(Crawled caption data)
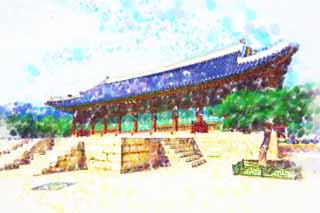 illust,tela,gratis,paisaje,fotografa,idea,pintura,Lpiz de color,dibujo,Osamu Sei de Kyng - bokkung, Edificio de madera, Herencia de mundo, Confucianism, El alfabeto de Hangul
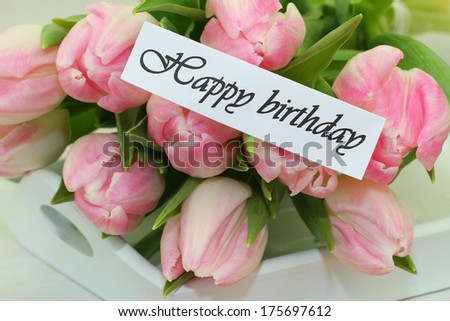 Happy birthday card with pink tulips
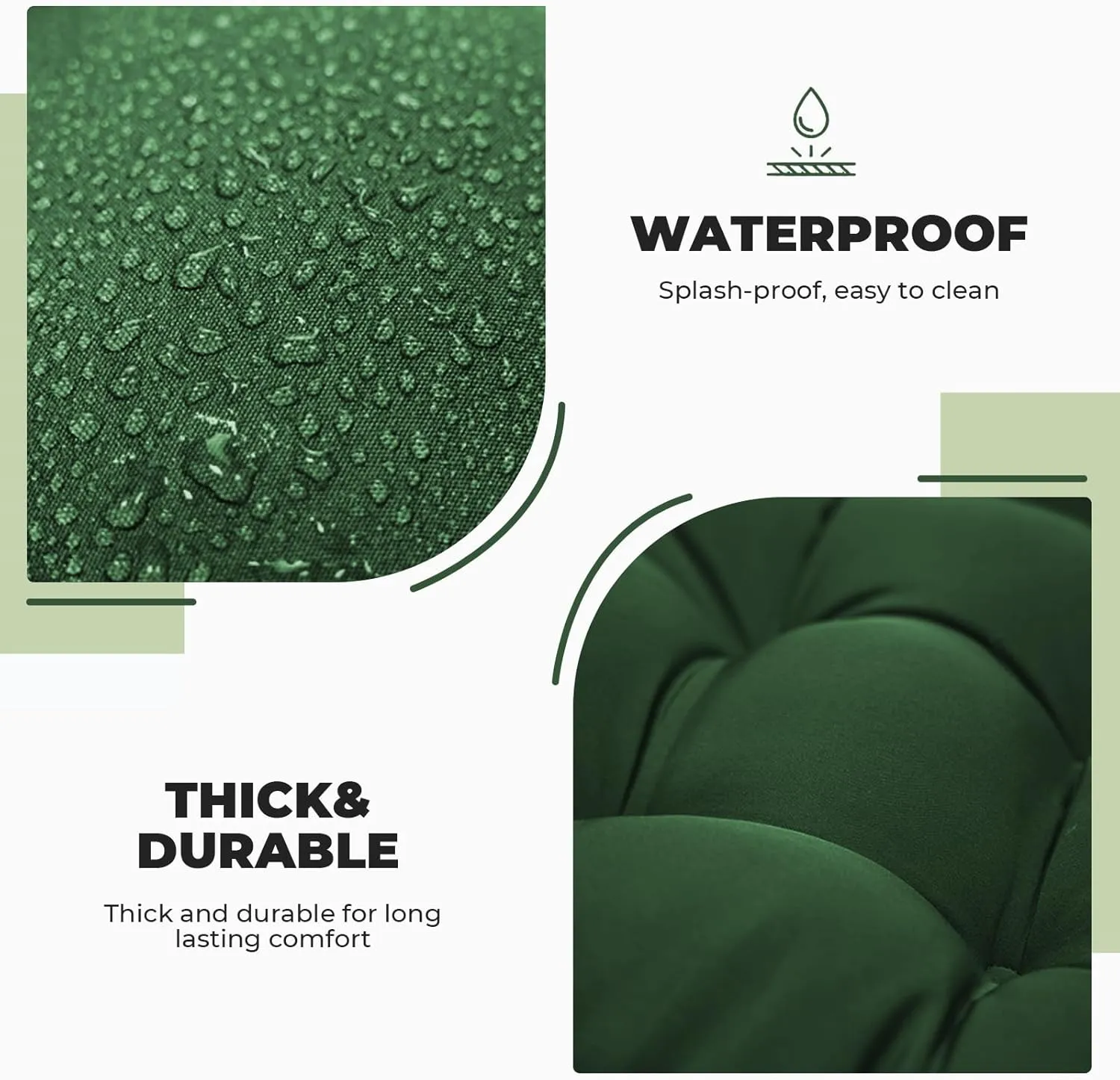 Outdoor/Indoor High Back Chair Cushion, Waterproof Outdoor Rocking Chair Cushion with Ties, Tufted Replacement Seat Cushions for Outdoor Furniture, Green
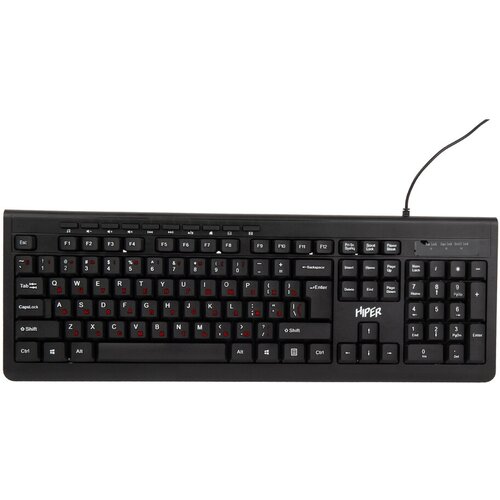 Клавиатура Hiper OK-2000 black USB проводная117кл кабель 15м мультимедиа 94500₽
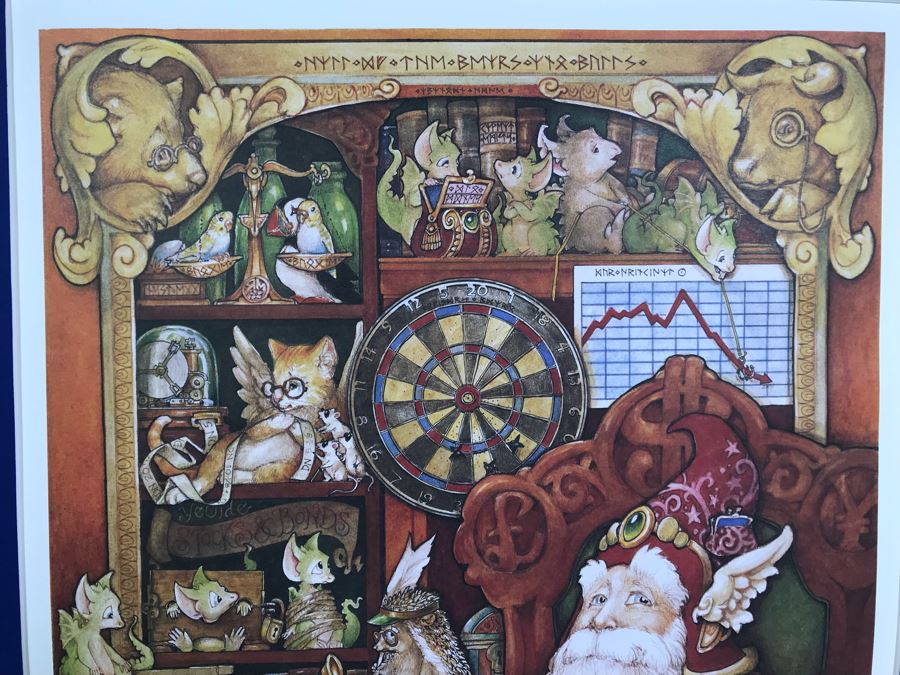 1994 Limited Edition Hand Signed By Real Musgrave Print Titled 'Financial Wizard' - Original Sketch Of Pocket Dragon On Picture Mat 20' X 24' - See Photos [Photo 4]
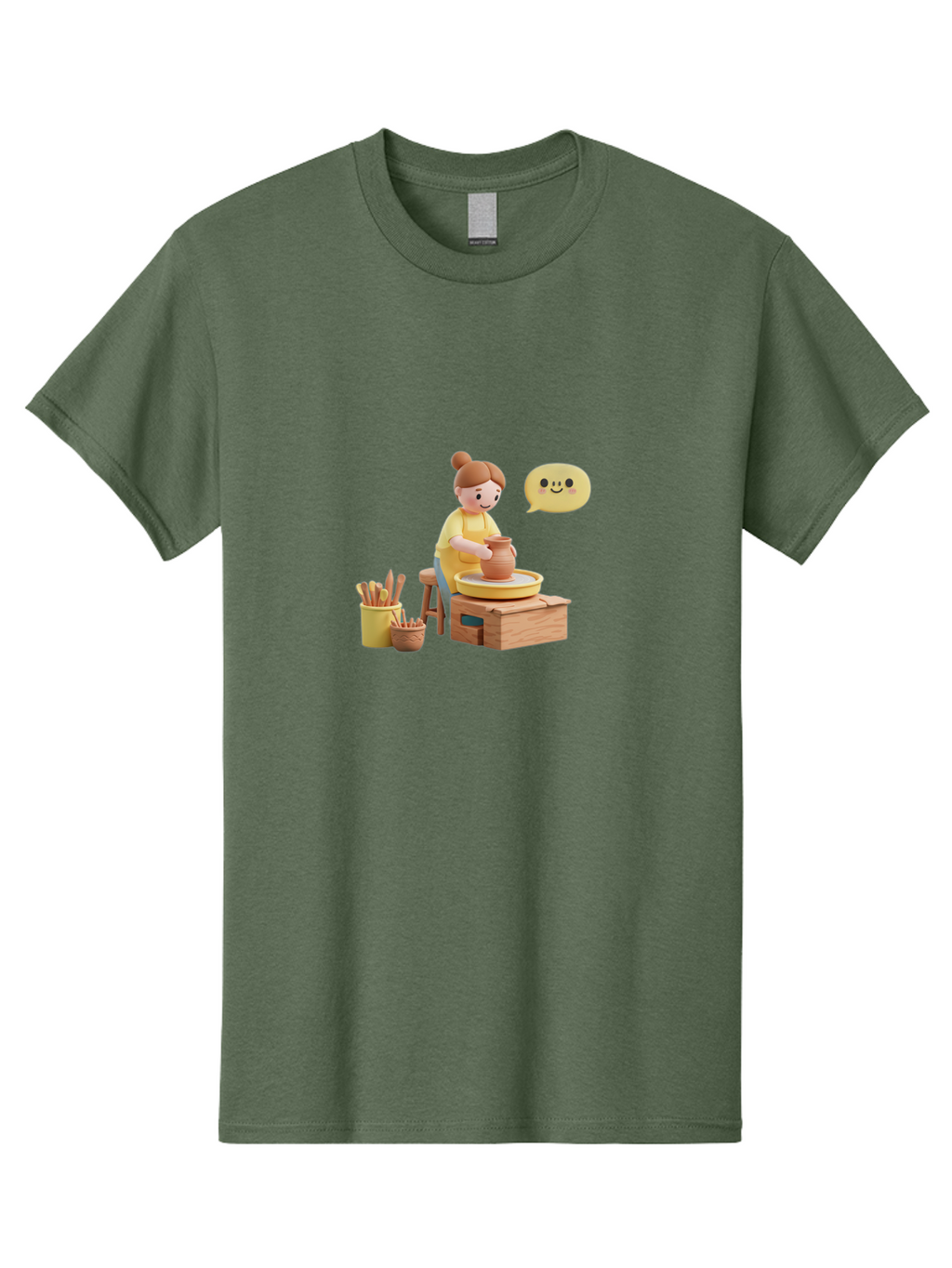 Potter Men'S Graphic Tee, 100% Cotton, Comfortable Casual Summer Wear, Machine Washable, Pottery Making, Ceramic Art, Potter'S Wheel, Creative Process, Pottery Tools, Craftsmanship, Clay Modeling, Happy Face, Creative Expression Bab241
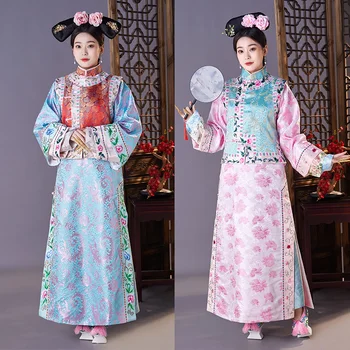 TV Filmu sniegumu valkāt sieviešu elegants cheongsam kleita Qing Dynasty Princese Tērpu Izšūšana Teātra Tērpu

▶ Required work
Could you transcribe the records above exactly, leaving out any pictures?

▶ Response
 illust,tela,gratis,paisaje,fotografa,idea,pintura,Lpiz de color,dibujo,Osamu Sei de Kyng - bokkung, Edificio de madera, Herencia de mundo, Confucianism, El alfabeto de Hangul
 Happy birthday card with pink tulips
 Outdoor/Indoor High Back Chair Cushion, Waterproof Outdoor Rocking Chair Cushion with Ties, Tufted Replacement Seat Cushions for Outdoor Furniture, Green
 Клавиатура Hiper OK-2000 black USB проводная117кл кабель 15м мультимедиа 94500₽
 1994 Limited Edition Hand Signed By Real Musgrave Print Titled 'Financial Wizard' - Original Sketch Of Pocket Dragon On Picture Mat 20' X 24' - See Photos [Photo 4]
 Potter Men'S Graphic Tee, 100% Cotton, Comfortable Casual Summer Wear, Machine Washable, Pottery Making, Ceramic Art, Potter'S Wheel, Creative Process, Pottery Tools, Craftsmanship, Clay Modeling, Happy Face, Creative Expression Bab241
 TV Filmu sniegumu valkāt sieviešu elegants cheongsam kleita Qing Dynasty Princese Tērpu Izšūšana Teātra Tērpu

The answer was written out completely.